Saat ini, isu moderasi beragama menjadi pembahasaan universal dalam lingkungan Kementerian Agama. Hal ini berarti moderasi beragama tidak hanya fokus dalam tubuh Islam saja, tetapi melingkupi semua agama dan perspektif lain yang ada di Indonesia. Moderasi beragama muncul bukan karena dinamika dalam Islam saja, tetapi beragamnya Indonesia dengan semboyan Bhineka Tunggal Ika-nya. Di samping hal itu, Kementerian Agama menghimbau seluruh tokoh agama yang ada di Indonesia untuk merumuskan moderasi beragama tersebut. Program ini ditanggapi baik oleh pemerintah dengan dikeluarkannya Perpres No.58 tahun 2023 tentang penguatan moderasi beragama (PMB).
Berbicara mengenai sebuah isu tentu sudah pasti memiliki esensi bagaimana isu tersebut menjadi topik pembicaraan. Seperti moderasi beragama yang memiliki empat pilar yaitu, komitmen kebangsaan, toleransi, anti kekerasan, dan akomodatif terhadap nilai budaya lokal. Ke empat pilar tersebut menegaskan bahwa moderasi beragama menekankan pada nilai kebangsaan dan persatuan dalam menjalankan agama di Indonesia, serta proses akomodasi terhadap budaya-budaya yang telah berkembang di Indonesia.
Dalam perwujudannya, Perguruan Tinggi Islam berperan sebagai tonggak estafet yang akan melahirkan akademisi Islam, dimana secara khusus memegang peranan yang sangat krusial. Selain sebagai sarana pendidikan, perguruan tinggi juga harus mampu melahirkan akademisi yang mampu menyelesaikan setiap permasalahan yang muncul di lingkungan masyarakat. Sehingga perguruan tinggi sudah seharusnya menjadi pelopor utama dan lambang dari sifat kemoderatan tersebut. Harapannya, di masa depan akan lahir sarjana-sarjana yang memiliki jiwa toleransi tinggi terhadap pengaplikasian agama, dengan syarat tidak terlalu berlebihan, seperti ikut-ikutan dalam ritual agama lain.

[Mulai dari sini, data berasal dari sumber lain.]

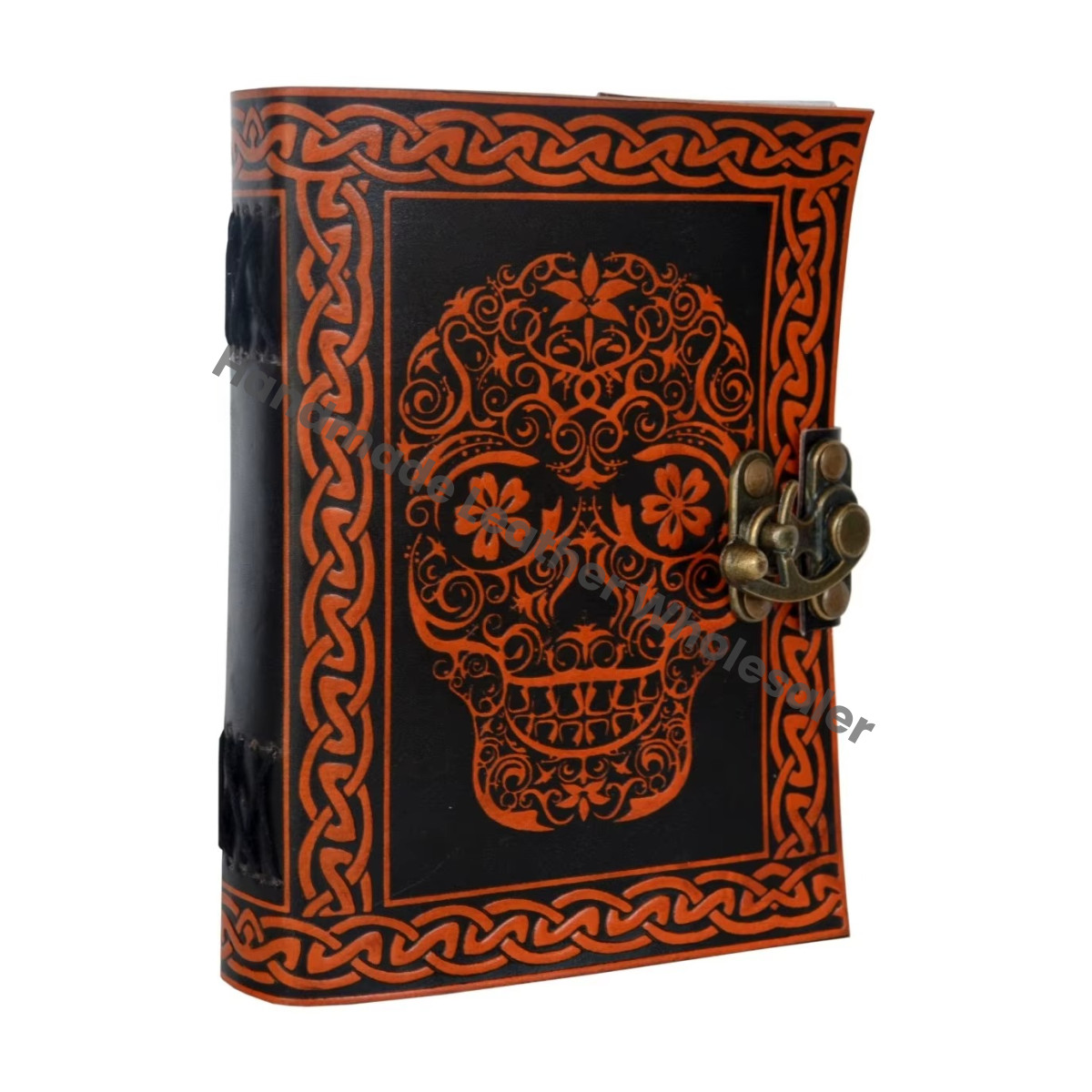 Leather Journal Skull Antique Handmade Notebook Vintage Book Shadows for Men Women Craft Unlined Paper Thermal Gift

Wujud komitmen dari Perguruan Tinggi Islam bahwasanya banyak dari instansi tersebut yang membuka peluang bagi non-muslim untuk menjalankan pendidikan di kampus mereka. Meskipun demikian, dalam tubuh Perguruan Tinggi Islam masih banyak oknum yang hanya fokus pada moderasi lintas agama saja dan kurang akan moderasi dalam tubuh agama Islam itu sendiri. Idealnya kampus Islam harus mampu mengakomodir moderasi dalam dua lintas agama tersebut dan khususnya dalam penjalanan syariat agama Islam. Hal ini disebabkan keanekaragaman tafsiran hukum yang dihasilkan oleh para ulama.
Dalam beberapa kasus masih banyak dosen yang kurang memperhatikan isu moderasi dalam Islam ini. Seperti, banyak ditemukan dalam penggunaan cadar. Jika kita lihat cadar sendiri memiliki beberapa hukum, mulai itu sunnah, mubah bahkan ada yang mengatakan itu hanya kondisional di Arab. Sehingga, dalam hal ini perguruan tinggi seharusnya mampu menghargai hal tersebut, bukan alih-alih meminta mahasiswa yang bersangkutan untuk membukanya. Memang kelas setiap dosen memiliki aturan tersendiri, tetapi dengan kuatnya moderasi beragama tidaklah sampai pada hal tersebut.
Moderasi akan sulit bahkan tidak bisa diwujudkan apabila tenaga pendidik masih melakukan deskriminasi terhadap penjalanan syariat (relatif berdasarkan pendapat yang dipegang). Seharusnya pihak Kemenag harus menanamkan kemoderatan kepada tenaga pendidik di bawahnya, karena keberlanjutan dan pemikiran penerus bangsa ini akan dibentuk di lingkungan kampus, khususnya kampus Islam. Kampus sering sekali mengadakan seminar moderasi, tetapi pendidiknya tidak melaksanakan hal tersebut secara utuh dalam lingkungan kampus.